Media Announcements

Catalyst Report Outlines Unique Challenges Faced by African-American Women in Business

?Concrete Ceiling? Difficult to Shatter; Diversity Programs Need Strengthening

Catalyst, the leading research and advisory organization working to advance women in business, today released a report focused exclusively on the unique challenges faced by African-American women in business. Advancing African-American Women in the Workplace: What Managers Need to Know reveals that many African-American women in corporate America continue to face a “concrete ceiling” as they work toward career advancement.

African-American women represent an important and growing source of talent, yet they currently represent only 1.1 percent of corporate officers in Fortune 500 companies, a mere 106 African-American women out of a group of 10,092 corporate officers.

Catalyst Senior Director of Research Katherine Giscombe remarked on the study’s genesis, “Over the past several years, Catalyst has worked to raise corporate awareness of the issues facing women-of-color managers. As the level of awareness increased, so did the requests for information about women in specific racial and ethnic groups.”

Catalyst President Ilene H. Lang commented on the release, “This report, like our reports on Asian-American and Latina women issued in 2003, provides the sobering facts right alongside specific tools and tips.” She underscored, “Smart companies will use this information to improve their diversity programs and tap the talent of this important segment of the workforce.” 

“CONCRETE CEILING” DIFFICULT TO SHATTER
Barriers facing African-American women in business include negative, race-based stereotypes; more frequent questioning of their credibility and authority; and a lack of institutional support. Experiencing a “double outsider” status—unlike white women or African-American men, who share gender or race in common with most colleagues or managers—African-American women report exclusion from informal networks, and conflicted relationships with white women, among the challenges they face. The historical legacy of slavery, legally enforced racial segregation, and discrimination based on skin color make race a particularly difficult topic for discussion in the workplace. Many women in the study report making discussions of race off-limits.

DIVERSITY PROGRAMS NEED STRENGTHENING
While approximately 75 percent of Fortune 500 companies have formally stated diversity programs, only 33 percent of the African-American women surveyed feel that these programs effectively create supportive environments. Thirty-six percent feel these programs foster respect for their cultural background. Thirty-seven percent of African-American women see their opportunities for advancement to senior management positions in their companies declining over time, in contrast to Latinas and Asian women who are more likely to see opportunities slightly increasing. 

SUCCESS FACTORS TO NOTE
Keys to success cited by African-American women in business include exceeding performance expectations, communicating effectively, connecting with mentors, building positive relationships with managers and colleagues, and using their cultural backgrounds to enhance job performance.
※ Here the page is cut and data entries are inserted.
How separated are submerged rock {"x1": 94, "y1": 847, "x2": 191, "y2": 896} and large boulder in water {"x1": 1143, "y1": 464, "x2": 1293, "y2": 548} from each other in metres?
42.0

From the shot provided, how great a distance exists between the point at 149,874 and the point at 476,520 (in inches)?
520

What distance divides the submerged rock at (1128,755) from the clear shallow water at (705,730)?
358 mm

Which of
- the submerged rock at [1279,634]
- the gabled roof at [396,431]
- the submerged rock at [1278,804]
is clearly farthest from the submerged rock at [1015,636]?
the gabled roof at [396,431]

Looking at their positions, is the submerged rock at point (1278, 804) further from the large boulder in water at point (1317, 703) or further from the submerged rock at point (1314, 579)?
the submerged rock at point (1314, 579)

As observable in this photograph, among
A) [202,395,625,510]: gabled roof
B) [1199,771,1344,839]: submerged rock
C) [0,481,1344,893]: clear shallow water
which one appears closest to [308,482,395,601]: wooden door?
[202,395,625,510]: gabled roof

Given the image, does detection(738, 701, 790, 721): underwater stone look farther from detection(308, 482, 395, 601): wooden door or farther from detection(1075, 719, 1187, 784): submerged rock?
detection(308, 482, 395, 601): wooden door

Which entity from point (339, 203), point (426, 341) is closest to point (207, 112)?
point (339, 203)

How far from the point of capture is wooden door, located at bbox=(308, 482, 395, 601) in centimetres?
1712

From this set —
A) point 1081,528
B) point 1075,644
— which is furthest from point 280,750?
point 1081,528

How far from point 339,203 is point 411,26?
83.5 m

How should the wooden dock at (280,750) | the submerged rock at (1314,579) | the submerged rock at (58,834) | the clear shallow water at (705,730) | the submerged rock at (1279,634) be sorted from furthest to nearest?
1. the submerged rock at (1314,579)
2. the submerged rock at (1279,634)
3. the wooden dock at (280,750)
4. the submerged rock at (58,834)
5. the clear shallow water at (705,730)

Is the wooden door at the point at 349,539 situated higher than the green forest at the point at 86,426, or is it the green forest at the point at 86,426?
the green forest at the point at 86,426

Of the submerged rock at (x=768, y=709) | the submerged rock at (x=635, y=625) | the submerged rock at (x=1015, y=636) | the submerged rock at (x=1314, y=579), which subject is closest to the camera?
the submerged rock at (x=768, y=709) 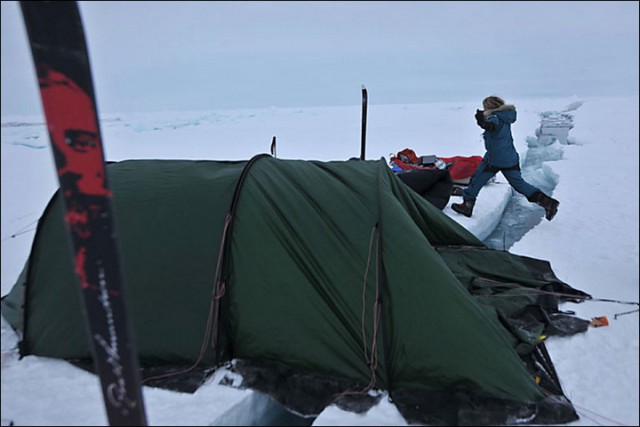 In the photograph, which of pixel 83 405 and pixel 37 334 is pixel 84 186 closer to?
pixel 83 405

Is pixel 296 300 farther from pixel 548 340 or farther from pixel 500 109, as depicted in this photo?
pixel 500 109

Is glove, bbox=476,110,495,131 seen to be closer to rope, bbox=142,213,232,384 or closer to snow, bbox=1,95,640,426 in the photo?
snow, bbox=1,95,640,426

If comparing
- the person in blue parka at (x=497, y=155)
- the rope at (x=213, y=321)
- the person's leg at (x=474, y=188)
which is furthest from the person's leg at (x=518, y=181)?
the rope at (x=213, y=321)

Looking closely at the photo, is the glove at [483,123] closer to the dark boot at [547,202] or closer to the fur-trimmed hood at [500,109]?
the fur-trimmed hood at [500,109]

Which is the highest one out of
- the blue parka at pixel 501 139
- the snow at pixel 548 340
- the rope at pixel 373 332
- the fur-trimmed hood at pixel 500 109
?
the fur-trimmed hood at pixel 500 109

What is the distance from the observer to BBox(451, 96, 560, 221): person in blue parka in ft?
15.2

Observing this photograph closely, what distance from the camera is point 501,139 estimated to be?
4730 millimetres

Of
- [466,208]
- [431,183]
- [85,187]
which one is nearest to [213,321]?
[85,187]

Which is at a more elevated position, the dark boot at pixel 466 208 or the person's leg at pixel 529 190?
the person's leg at pixel 529 190

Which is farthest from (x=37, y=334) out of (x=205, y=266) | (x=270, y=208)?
(x=270, y=208)

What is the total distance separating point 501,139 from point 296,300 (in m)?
3.47

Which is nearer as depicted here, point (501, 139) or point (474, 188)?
point (501, 139)

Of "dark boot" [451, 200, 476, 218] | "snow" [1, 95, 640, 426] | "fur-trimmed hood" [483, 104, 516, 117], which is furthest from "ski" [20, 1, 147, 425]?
"fur-trimmed hood" [483, 104, 516, 117]

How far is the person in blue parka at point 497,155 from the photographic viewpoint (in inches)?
183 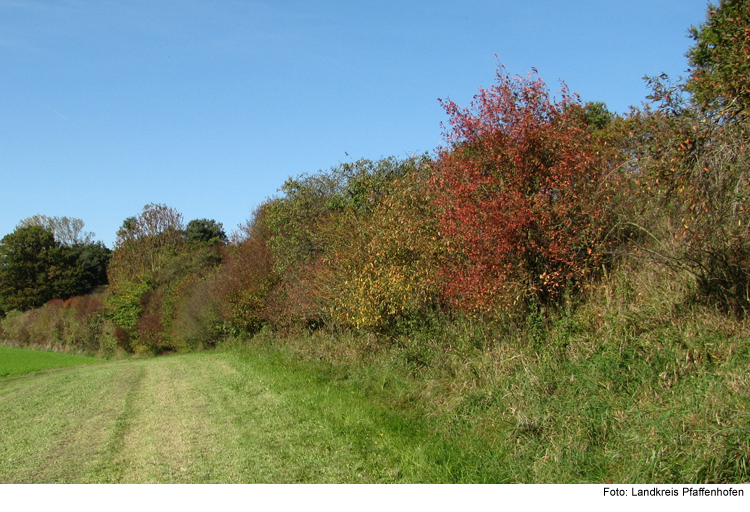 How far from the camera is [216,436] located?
904 cm

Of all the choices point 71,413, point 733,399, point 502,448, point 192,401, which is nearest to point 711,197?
point 733,399

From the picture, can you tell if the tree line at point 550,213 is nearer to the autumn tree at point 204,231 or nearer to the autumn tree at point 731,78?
the autumn tree at point 731,78

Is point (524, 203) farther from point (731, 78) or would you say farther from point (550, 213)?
point (731, 78)

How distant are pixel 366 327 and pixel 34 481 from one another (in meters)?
10.5

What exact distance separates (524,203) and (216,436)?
631 centimetres

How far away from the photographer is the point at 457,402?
919 centimetres

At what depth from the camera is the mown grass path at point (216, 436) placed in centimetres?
716

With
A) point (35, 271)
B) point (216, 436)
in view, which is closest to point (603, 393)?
point (216, 436)

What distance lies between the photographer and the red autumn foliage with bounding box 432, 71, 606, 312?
403 inches

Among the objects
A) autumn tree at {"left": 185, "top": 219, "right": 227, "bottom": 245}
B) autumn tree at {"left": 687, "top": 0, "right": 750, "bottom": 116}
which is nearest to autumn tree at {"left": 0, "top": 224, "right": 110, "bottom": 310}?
autumn tree at {"left": 185, "top": 219, "right": 227, "bottom": 245}

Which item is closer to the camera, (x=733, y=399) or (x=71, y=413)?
(x=733, y=399)

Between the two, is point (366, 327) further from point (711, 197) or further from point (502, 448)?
point (711, 197)

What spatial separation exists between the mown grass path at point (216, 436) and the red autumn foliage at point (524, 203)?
3.19m

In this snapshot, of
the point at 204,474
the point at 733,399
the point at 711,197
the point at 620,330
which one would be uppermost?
the point at 711,197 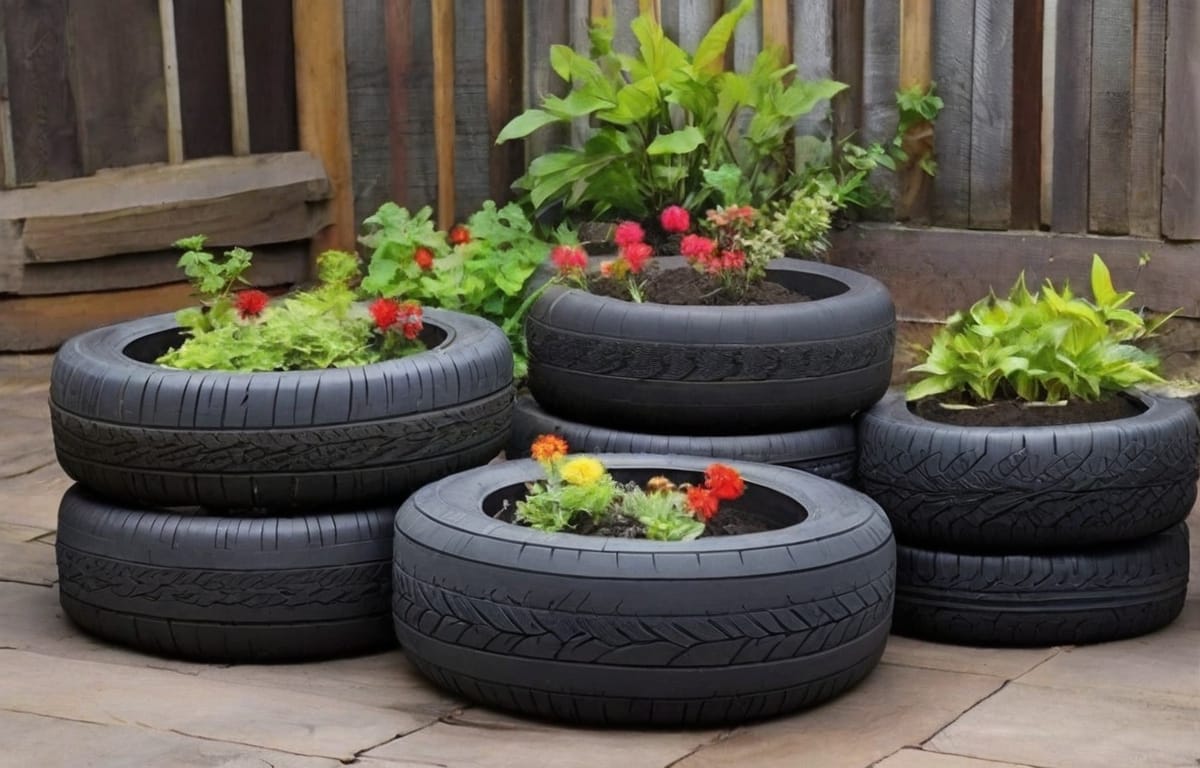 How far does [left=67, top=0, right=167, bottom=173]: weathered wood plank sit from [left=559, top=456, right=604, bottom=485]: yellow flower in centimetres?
337

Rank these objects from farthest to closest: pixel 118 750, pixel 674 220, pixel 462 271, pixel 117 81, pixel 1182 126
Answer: pixel 117 81 → pixel 462 271 → pixel 1182 126 → pixel 674 220 → pixel 118 750

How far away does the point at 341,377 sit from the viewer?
380 centimetres

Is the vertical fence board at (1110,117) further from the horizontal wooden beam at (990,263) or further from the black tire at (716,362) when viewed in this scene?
the black tire at (716,362)

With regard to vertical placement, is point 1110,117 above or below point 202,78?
below

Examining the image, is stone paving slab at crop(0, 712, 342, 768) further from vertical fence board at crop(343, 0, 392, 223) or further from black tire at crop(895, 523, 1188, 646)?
vertical fence board at crop(343, 0, 392, 223)

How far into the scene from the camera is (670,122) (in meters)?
5.90

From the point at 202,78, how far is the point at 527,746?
3.91 meters

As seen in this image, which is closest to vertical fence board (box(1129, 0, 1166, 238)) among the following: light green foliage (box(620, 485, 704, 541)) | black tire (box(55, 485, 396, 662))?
light green foliage (box(620, 485, 704, 541))

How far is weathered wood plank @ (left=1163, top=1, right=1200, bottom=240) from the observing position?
5.26 meters

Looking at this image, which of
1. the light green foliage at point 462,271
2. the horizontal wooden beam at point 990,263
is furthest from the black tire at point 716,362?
the horizontal wooden beam at point 990,263

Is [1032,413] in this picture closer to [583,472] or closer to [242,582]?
[583,472]

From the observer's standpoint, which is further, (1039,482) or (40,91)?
(40,91)

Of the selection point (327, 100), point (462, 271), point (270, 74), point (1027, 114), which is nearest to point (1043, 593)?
point (1027, 114)

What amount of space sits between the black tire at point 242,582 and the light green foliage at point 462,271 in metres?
1.69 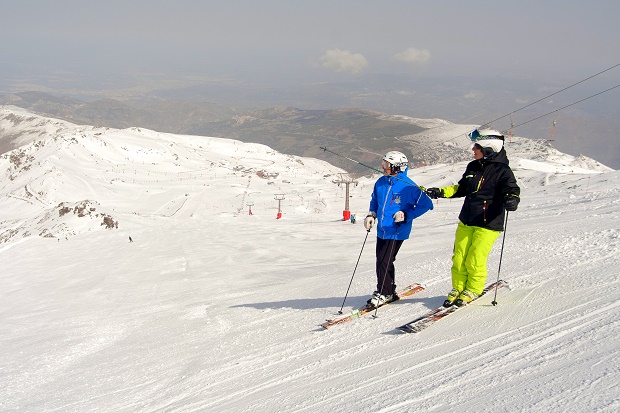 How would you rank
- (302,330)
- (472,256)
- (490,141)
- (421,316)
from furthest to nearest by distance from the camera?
1. (302,330)
2. (421,316)
3. (472,256)
4. (490,141)

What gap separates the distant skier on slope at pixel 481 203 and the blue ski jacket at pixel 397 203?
62 cm

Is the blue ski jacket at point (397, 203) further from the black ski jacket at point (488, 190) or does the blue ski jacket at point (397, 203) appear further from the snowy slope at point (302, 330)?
the snowy slope at point (302, 330)

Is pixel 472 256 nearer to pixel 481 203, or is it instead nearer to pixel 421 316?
pixel 481 203

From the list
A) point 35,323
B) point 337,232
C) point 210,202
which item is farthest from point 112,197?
point 35,323

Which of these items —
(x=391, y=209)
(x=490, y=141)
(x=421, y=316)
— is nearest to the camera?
(x=490, y=141)

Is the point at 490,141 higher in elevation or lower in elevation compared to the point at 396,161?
higher

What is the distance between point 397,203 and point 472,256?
4.40 feet

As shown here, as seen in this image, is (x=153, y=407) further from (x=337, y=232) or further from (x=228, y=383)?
(x=337, y=232)

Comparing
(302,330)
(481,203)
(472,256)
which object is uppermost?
(481,203)

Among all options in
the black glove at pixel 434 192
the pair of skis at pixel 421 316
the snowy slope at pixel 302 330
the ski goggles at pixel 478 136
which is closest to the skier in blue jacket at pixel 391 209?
the black glove at pixel 434 192

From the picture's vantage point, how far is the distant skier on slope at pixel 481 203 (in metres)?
6.35

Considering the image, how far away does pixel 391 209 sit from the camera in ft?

John J. Mack, CEO of Credit Suisse First Boston LLC, the sponsor of this study, commented on the report’s significance. "Advancing African-American Women in the Workplace: What Managers Need to Know" is critical to our understanding of the business experiences of African-American women on Wall Street. Catalyst’s contribution to the field of research on these topics since 1997 has been an essential tool for our businesses. Companies and managers seeking to recruit, retain, and advance this important pool of talent—and they all should be—will find this report important for success.”

For this study, Catalyst surveyed 963 African-American women in Fortune 1000 companies and held 23 focus groups with entry- and mid-level African-American women. These respondents participated in Catalyst’s larger 1999 study, Women of Color in Corporate Management: Opportunities and Barriers. Survey data also come from a follow-up study, done in 2001, with 369 African-American women participants from the earlier study. For more information on this and other Catalyst reports, visit www.catalystwomen.org.

ABOUT CATALYST Catalyst is the leading research and advisory organization working to advance women in business, with offices in New York, San Jose, and Toronto. As an independent, nonprofit membership organization, Catalyst uses a solutions-oriented approach that has earned the confidence of business leaders around the world. Catalyst conducts research on all aspects of women’s career advancement and provides strategic and web-based consulting services on a global basis to help companies and firms advance women and build inclusive work environments. In addition, we honor exemplary business initiatives that promote women’s leadership with our annual Catalyst Award. Catalyst is consistently ranked No. 1 among U.S. nonprofits focused on women’s issues by The American Institute of Philanthropy.